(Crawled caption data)
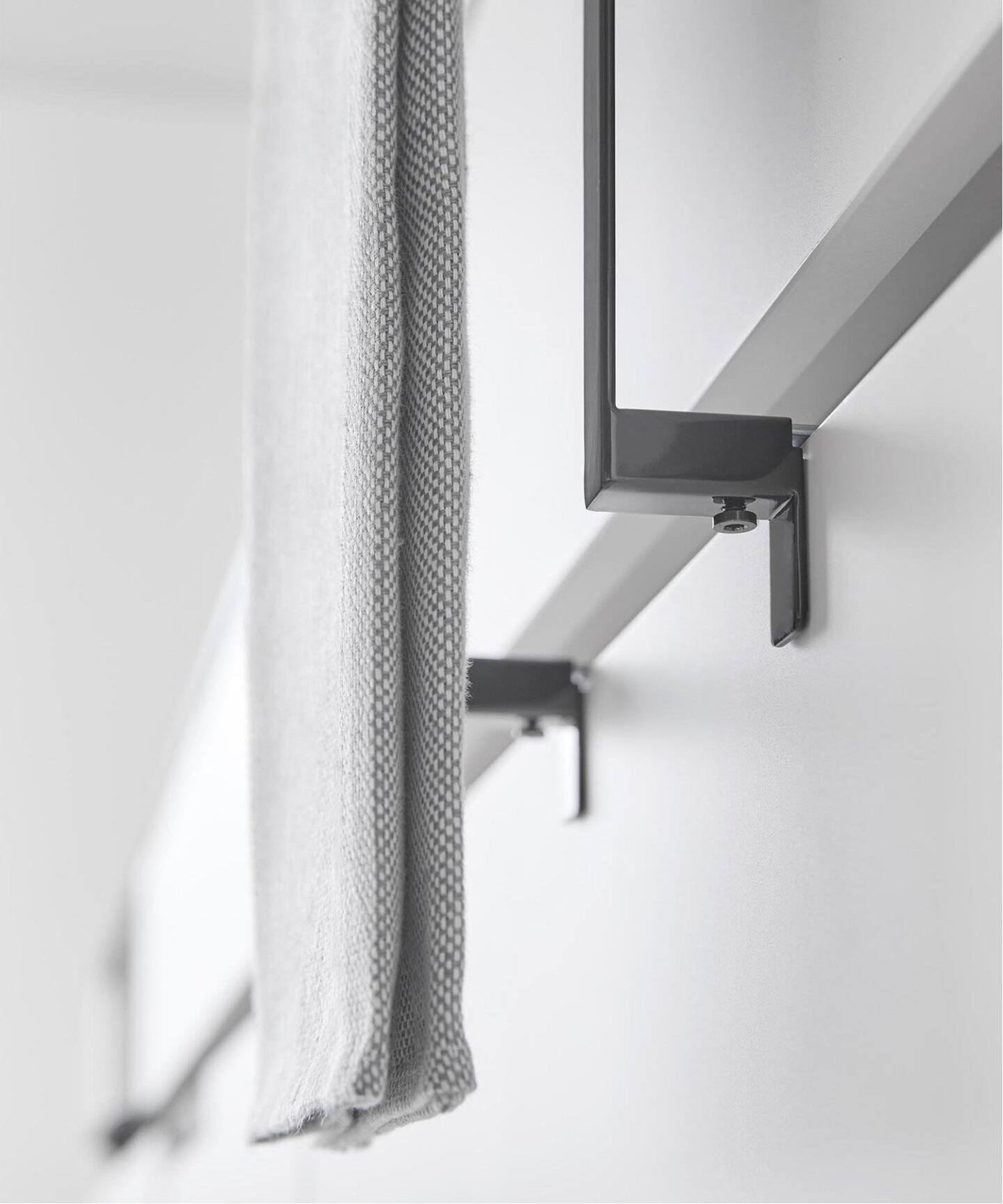 WEB限定》【tower/タワー】キッチンシンク下収納扉タオルハンガー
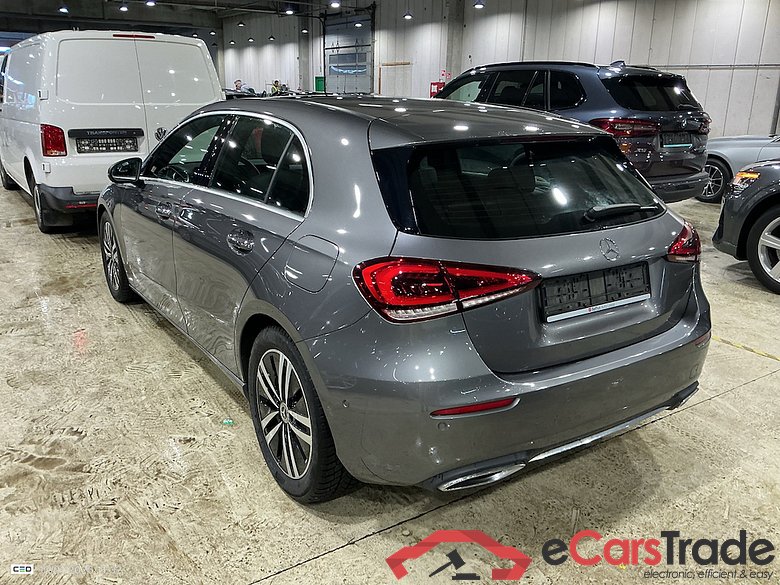 MERCEDES-BENZ A-CLASS 1.3 A 180 BUSINESS SOLUTION #3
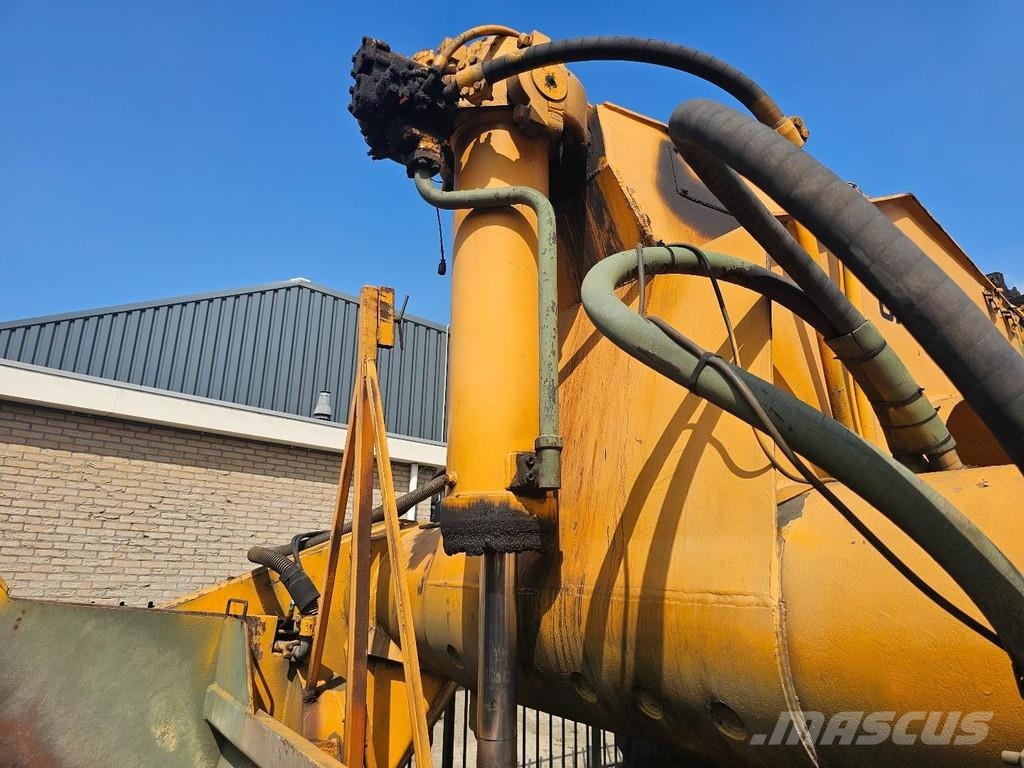 CAT 830 MB ** Very nice condition! ** Frezen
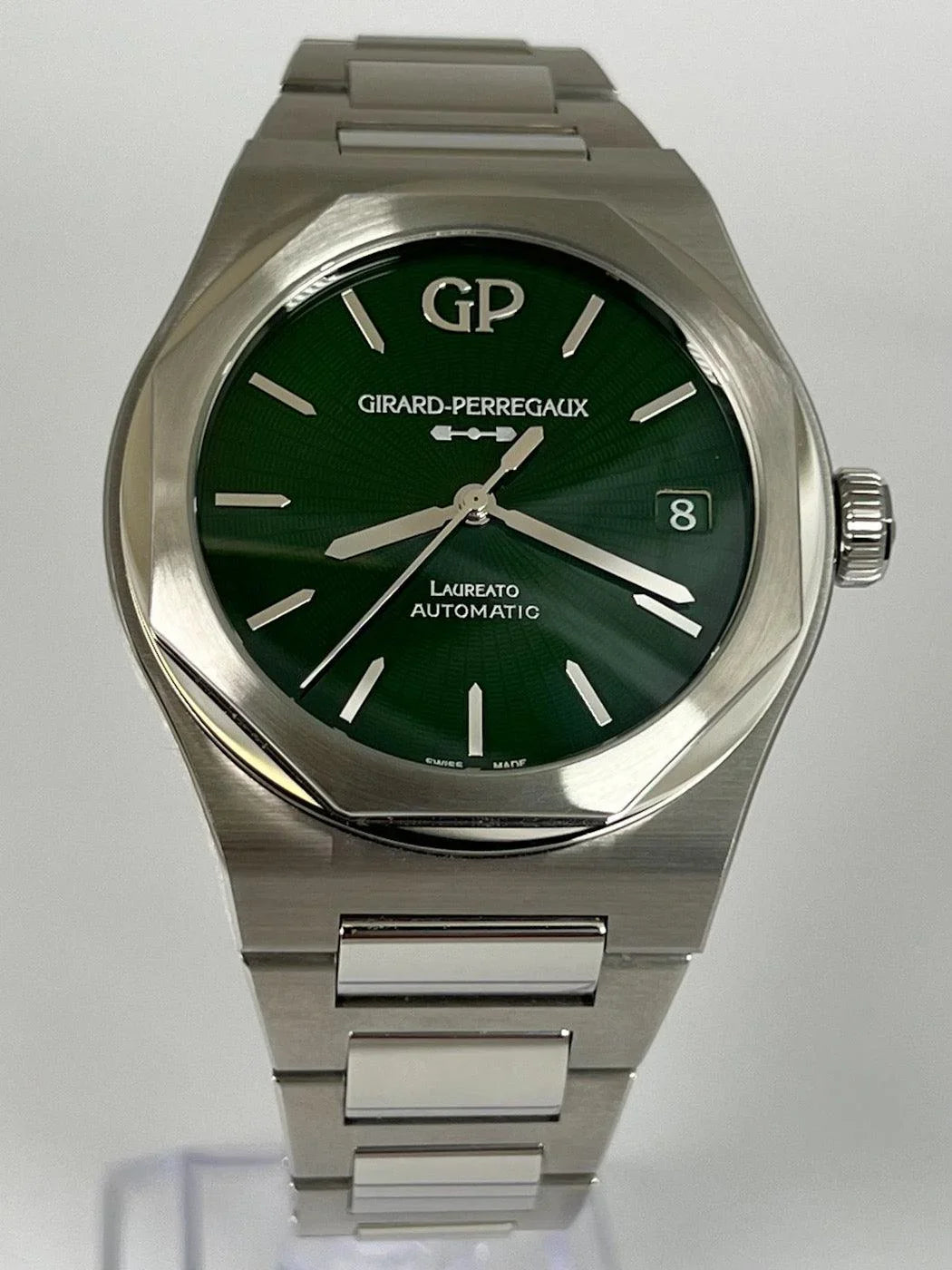 GIRARD PERREGAUX LAUREATO GREEN ETERNITY EDITION 81010-11-433-11A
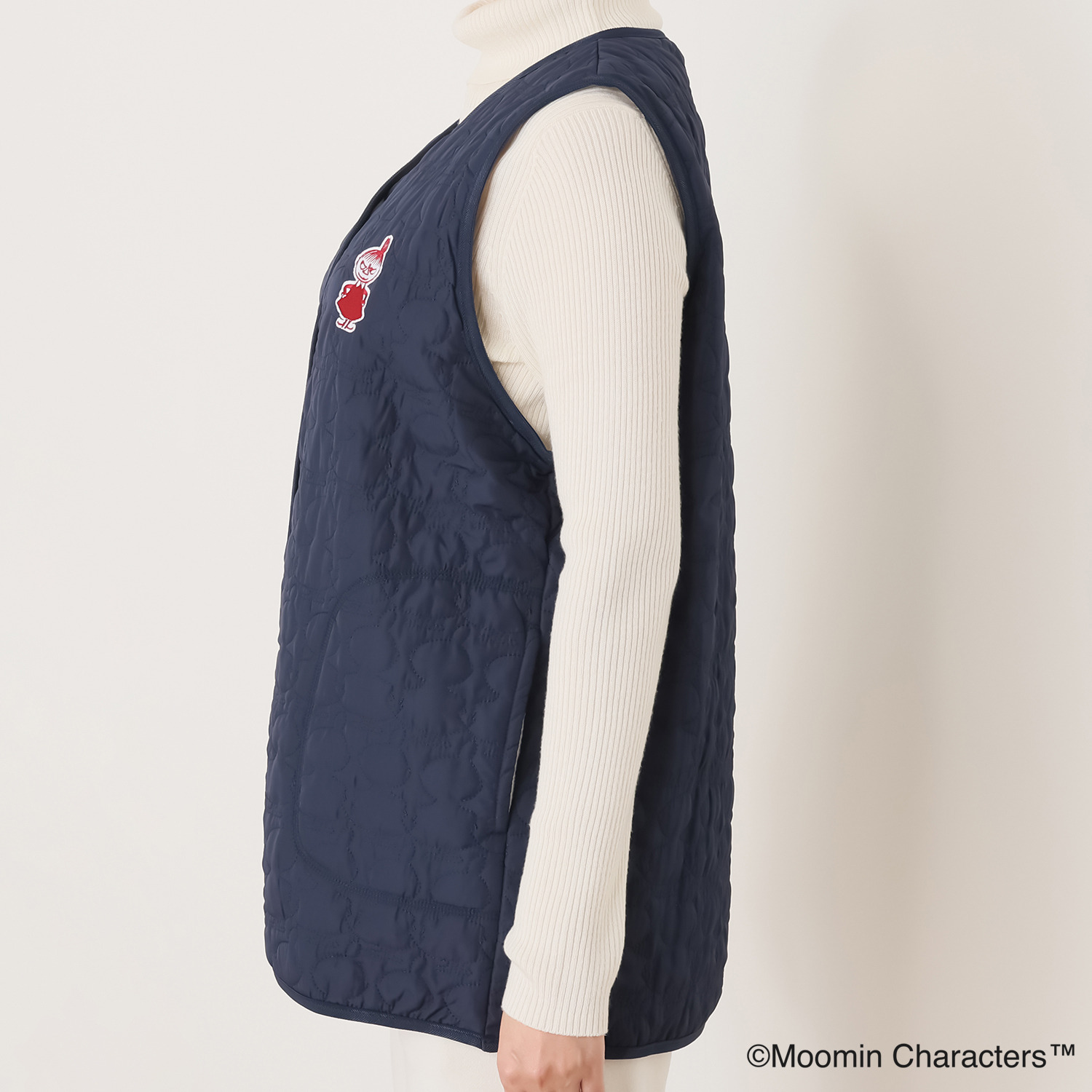 ムーミン シルエット型キルト 裏フリースのあたたか ルームベスト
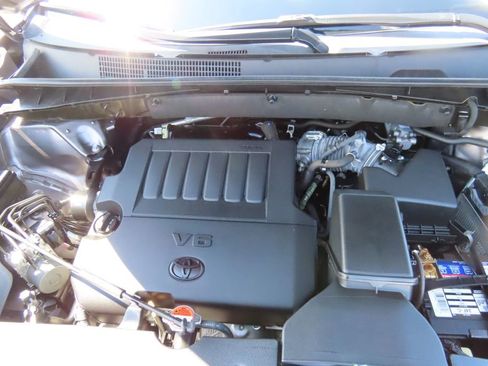 Used 2016 Toyota Highlander Limited image 28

EXERCISE DETAILS:
Word for word, output the lines from the line bearing "ムーミン シルエット型キルト 裏フリースのあたたか ルームベスト" through the end of the records above, and only those, without the pictures.

ANSWER SPACE:
 ムーミン シルエット型キルト 裏フリースのあたたか ルームベスト
 Used 2016 Toyota Highlander Limited image 28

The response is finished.